Doch Vorsicht: Das Modell funktioniert nur, wenn alle mitziehen - und ziehen lassen. Denn damit die Ypsiloner ihre Freiheiten ausleben können, muss auch die Generation der Vorgesetzten ein gerüttelt Maß an Flexibilität beweisen. "Gute Leute innerhalb der Firma ziehen zu lassen gehört zu meinem Job", sagt HP-Managerin Meiborg. Keine Führungskraft könne sich mehr darauf ausruhen, wenn sie ein gutes Team zusammen hat. Die Teamleiterin tröstet sich mit dem Gedanken, dass Förderer junger Talente wieder neue Talente anziehen. "Eine stetige Fluktuation ist heute kein Zeichen von Schwäche", so Meiborg, "sondern schlicht Unternehmensalltag."

"Die Generation Y will Arbeit als persönlichen Gewinn erleben"

Anders Parment, Berater für Employer Branding und Assistant Professor an der Business School der Universität Stockholm, forschte als einer der Ersten über die um 1980 Geborenen. Seine These: Die Generation Y stellt viele Verhältnisse und Vorstellungen, die als selbstverständlich galten, in Frage und zwingt Firmen zum Umdenken.

CW: Ticken die Berufseinsteiger heute anders als frühere Generationen?

PARMENT: Ja. Die Generation Y lebt ihr Leben emotionaler als frühere Jahrgänge. Die jungen Leute versuchen, ihr Leben zu maximieren.

Anders Parment, Universität Stockholm: "Wichtig für Unternehmen ist eine ehrliche Ansprache."
Foto: Privat

CW: Wie soll das gehen?

PARMENT: Wirtschaftlich sind sie recht gut abgesichert. Daher stellen sie höhere Ansprüche an den Job als frühere Generationen. Arbeit wollen sie als persönlichen Gewinn erleben.

CW: Die gute alte Selbstverwirklichung also?

PARMENT: Jein. Selbstverwirklichung bezieht sich für sie nicht nur auf das eigene Ich, sondern auch auf das Netzwerk des Ichs, also auf Umwelt und Gesellschaft, in der sie sich erleben. Daher hinterfragen sie auch Umweltaktivitäten von Arbeitgebern und deren Engagement im Bereich Corporate Social Responsibility kritisch, aber konstruktiv.

CW: Wie können Firmen bei dieser Generation punkten?

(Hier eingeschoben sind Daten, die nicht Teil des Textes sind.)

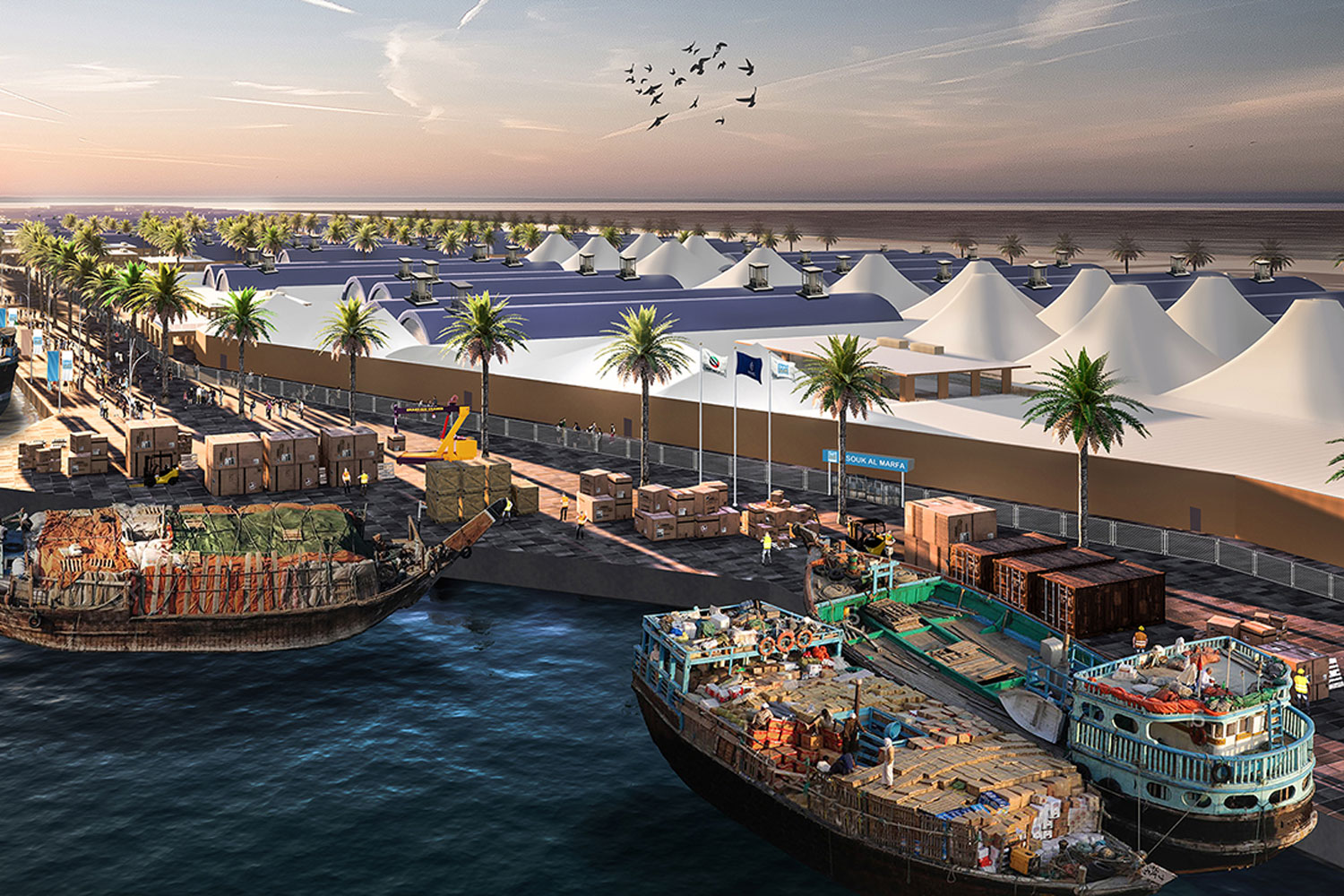 A brand-new waterfront market is opening in Dubai's Deira | Time Out Dubai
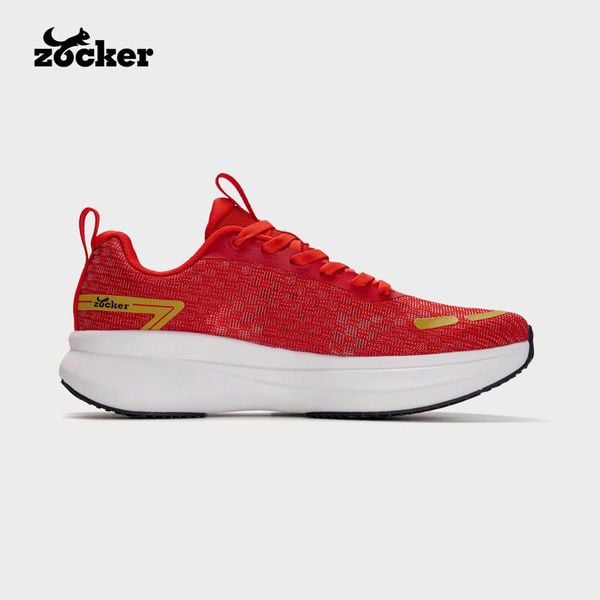  Giày Chạy Bộ Zocker Speed Up Gen 2 - Đỏ 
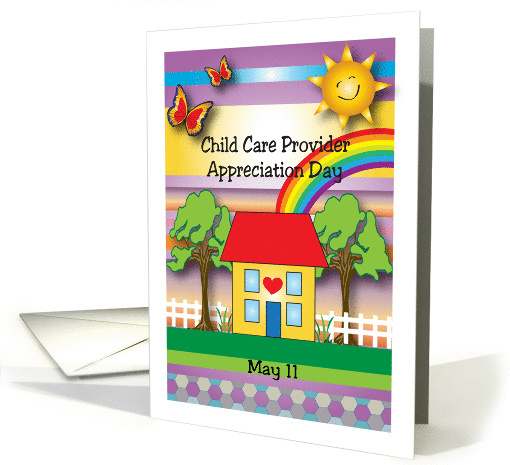 Child Care Provider Appreciation Day card (1276792)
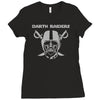 darth raiders Ladies Fitted T-Shirt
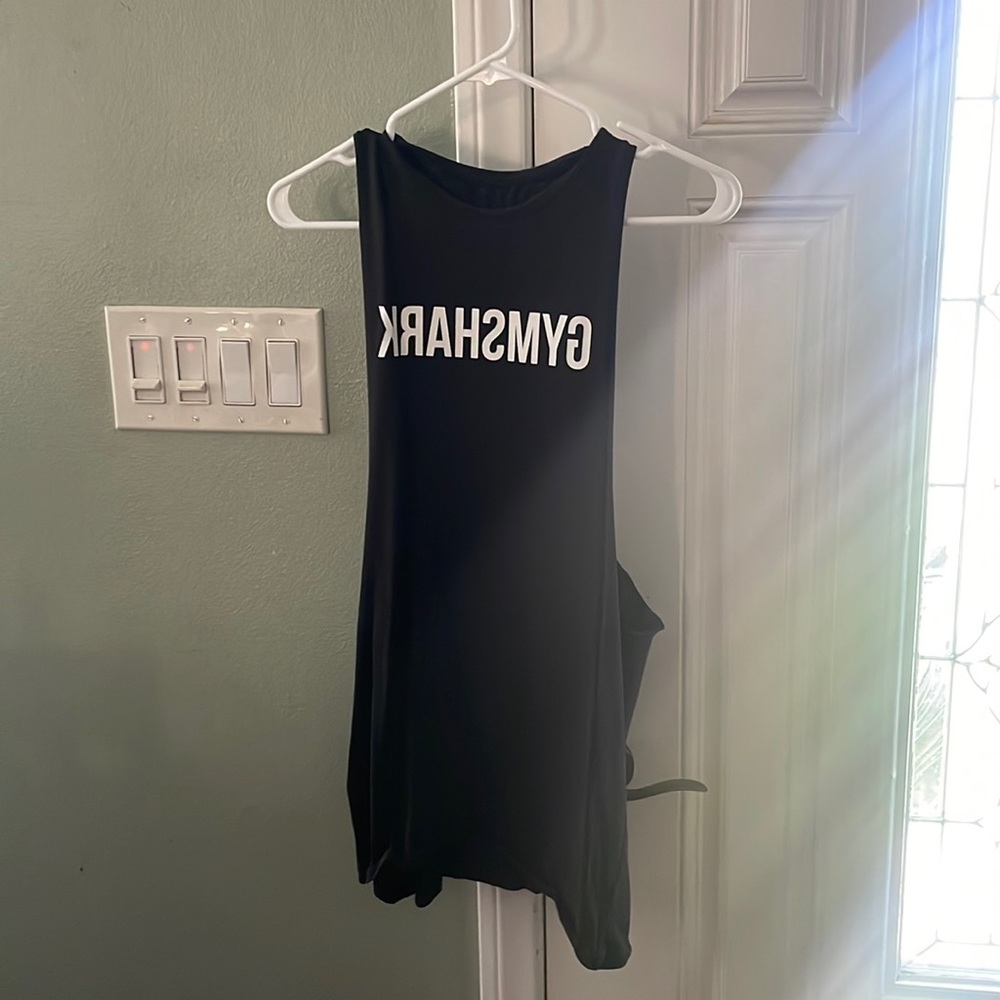 Gymshark Cutoff Reverse Tank top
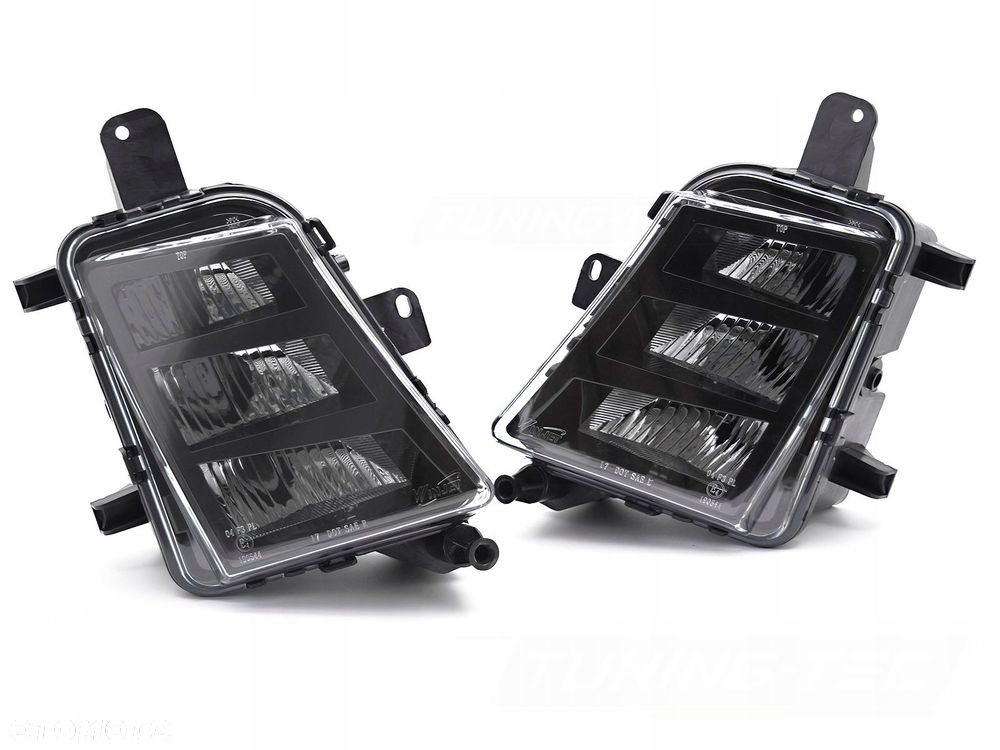 Halogeny Lampy pmg L+R Led VW Golf VII 7 5g 5g0 2013-2017 GTI GTD GT Sport - 1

PARMENT: Wenn sie sich auf die Ansprüche der jungen Leute einstellen, können sie Wettbewerbsvorteile im Recruiting erringen. Wichtig ist aber vor allem eine transparente und ehrliche Ansprache. Durch ihr breites Netzwerk on- und offline durchschaut die Generation Y schnell, wenn Unternehmen ein Engagement nur vortäuschen.